Социальная революция, такая, как ее представляют себе, желают и на которую надеются латинские и славянские трудящиеся, бесконечно шире, чем та, которую им обещает немецкая или марксова программа. Для них речь вовсе не идет о бережливо отмеренном освобождении только рабочего класса, реализуемом лишь в очень далекой перспективе, но о полном и реальном освобождении всего пролетариата, не только нескольких стран, но всех наций, цивилизованных или нет, и новая, подлинно народная цивилизация, должна начаться этим актом всемирного освобождения. И первым словом этого освобождения может быть только свобода, не та политическая, буржуазная свобода, столь превозносимая и рекомендованная как предмет предварительного завоевания господином Марксом и его соучастниками, но великая человеческая свобода, которая, разрушая все догматические, метафизические, политические и юридические цепи, которыми сегодня угнетен весь мир, даст всем, как коллективам, так и личностям, полную самостоятельность их действий и их развития, освобожденного раз и навсегда от всех инспекторов, руководителей и опекунов.

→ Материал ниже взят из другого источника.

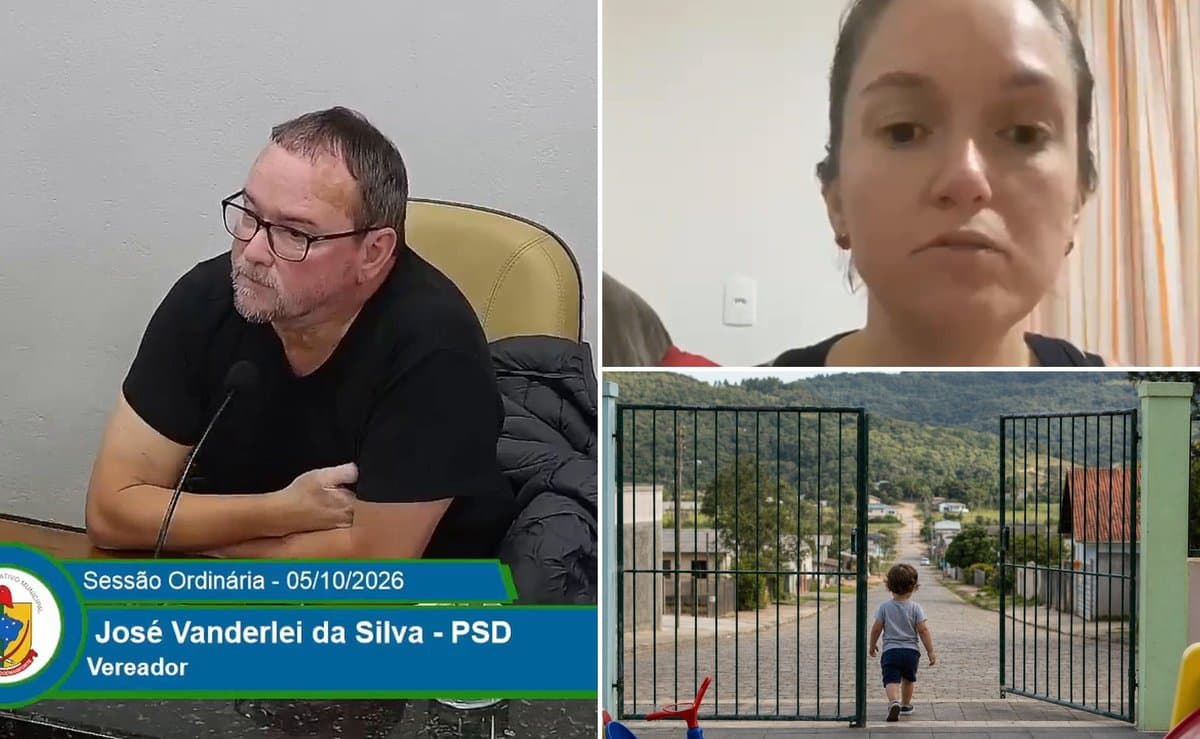 “Até preso foge”, diz vereador após criança de 2 anos sair sozinha de creche municipal em SC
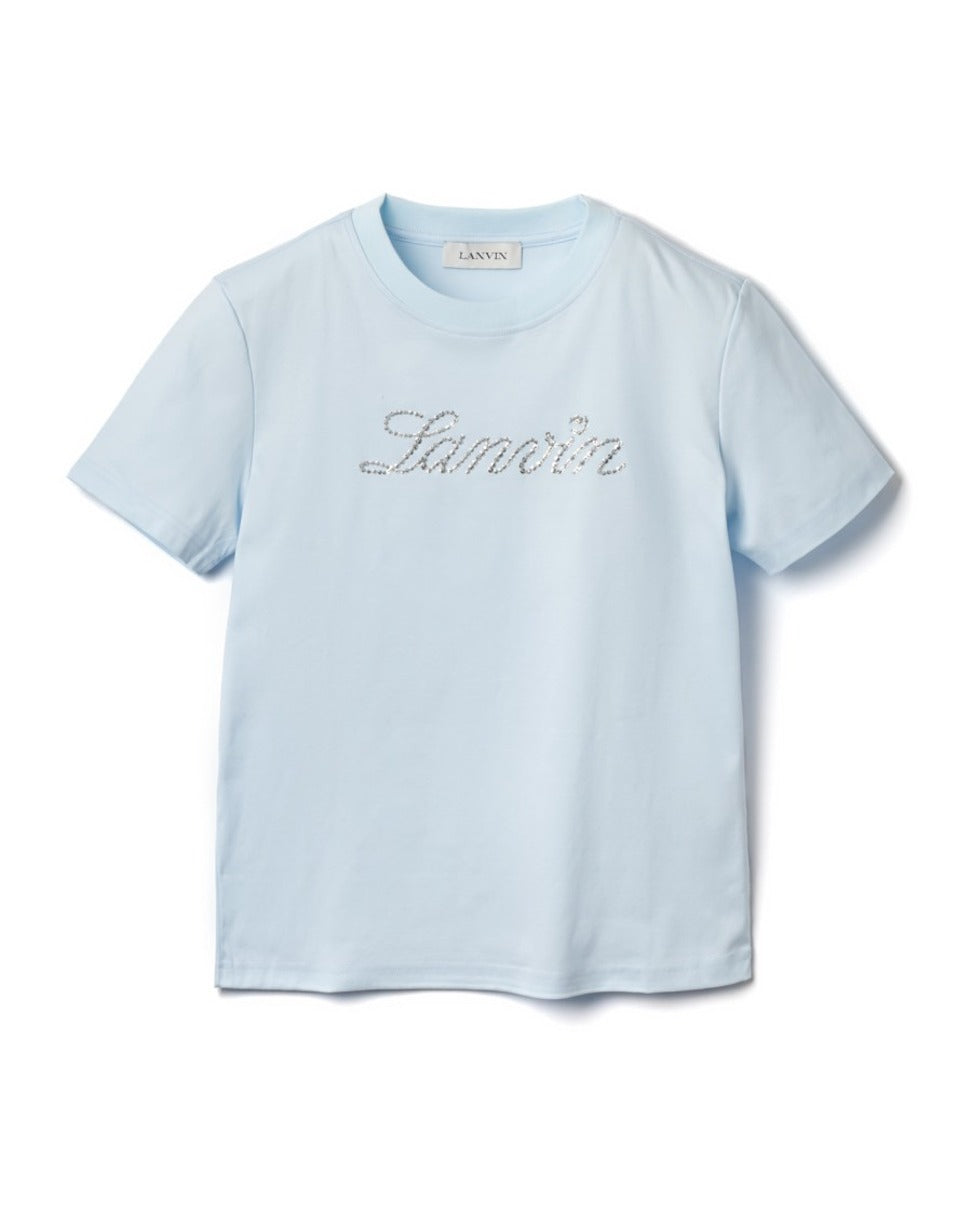 Light Blue Cotton T-Shirt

Второе слово этого освобождения - солидарность; не марксова солидарность, организованная сверху донизу каким-то правительством и навязанная либо хитростью, либо силой народным массам; не та солидарность всех, что является отрицанием свободы каждого, и которая даже там становится ложью, фикцией, имеющей в качестве реальной подкладки рабство; но солидарность, которая, напротив, является подтверждением и осуществлением любой свободы, берущая свой исток не в каком-то политическом законе, но в собственной коллективной природе человека, в силу которой никто не свободен, если все люди, которые его окружают, и кто оказывает хоть малейшее влияние, будь то прямое или косвенное, на его жизнь, тоже не свободны. Эта истина была великолепно выражена в правах человека, написанных Робеспьером, который объявил, что "рабство презреннейшего из людей - это рабство всех".
Солидарность, которую мы требуем, вовсе не должна быть результатом искусственной или какой-то авторитарной организации, она может быть только стихийным продуктом общественной жизни, как экономической, так и духовной; результатом свободной федерации интересов, чаяний и общих тенденций. Ее основы - равенство, коллективный труд, становящийся обязательным для каждого не в силу законов, но в силу вещей и коллективной собственности; в качестве направляющего света - опыт, то есть практика коллективной жизни и науки; и, как конечная цель, учреждение человечества и, следовательно, крах всех государств.
Вот идеал, не божественный, не метафизический, но человечный и осуществимый [1], только он соответствует нынешним чаяниям латинских и славянских народов. Они хотят полной свободы, полной солидарности, полного равенства; одним словом, они хотят всего человечества, и они не удовлетворятся, даже на временной и переходной основе, меньшим, чем это. Поклонники Маркса назовут их чаяния сумасшествием и это уже давно делается; но это вовсе не отклонит их от цели, и они никогда не променяют ее великолепие на явно буржуазную нищету марксова социализма.
Восстание коммуналистов в Париже положило начало социальной революции. Значение этой революции состоит даже не в довольно слабых опытах, которые у нее была возможность и время осуществить, а в идеях, которые она возбудила, в живом свете, который она пролила на подлинную природу и цель этой революции, в надеждах, которые она повсюду пробудила, и тем самым в мощном потрясении, которое она произвела в народных массах всех стран, но, в особенности, в Италии, где пробуждение народа датируется этим восстанием, главная черта которого - бунт Коммуны и рабочих товариществ против государства. Этим восстанием Франция одним махом возвысилась в своем статусе, и Париж вновь прославился как столица мировой революции под носом и под пушками натасканных Бисмарком немцев.
Эффект его был столь огромен повсюду, что сами поклонники Маркса, все идеи которых были опрокинуты этим восстанием, оказались вынужденными снять перед ним шляпу. Они сделали больше, наперекор элементарной логике и своим настоящим чувствам, они провозгласили, что его программа и цель совпадают с их собственными. Это была действительно потешная, хотя и вынужденная смена образа. Они должны были это сделать, под угрозой быть захлестнутыми и покинутыми всеми, настолько мощными были страсти, которые эта революция пробудила во всем мире.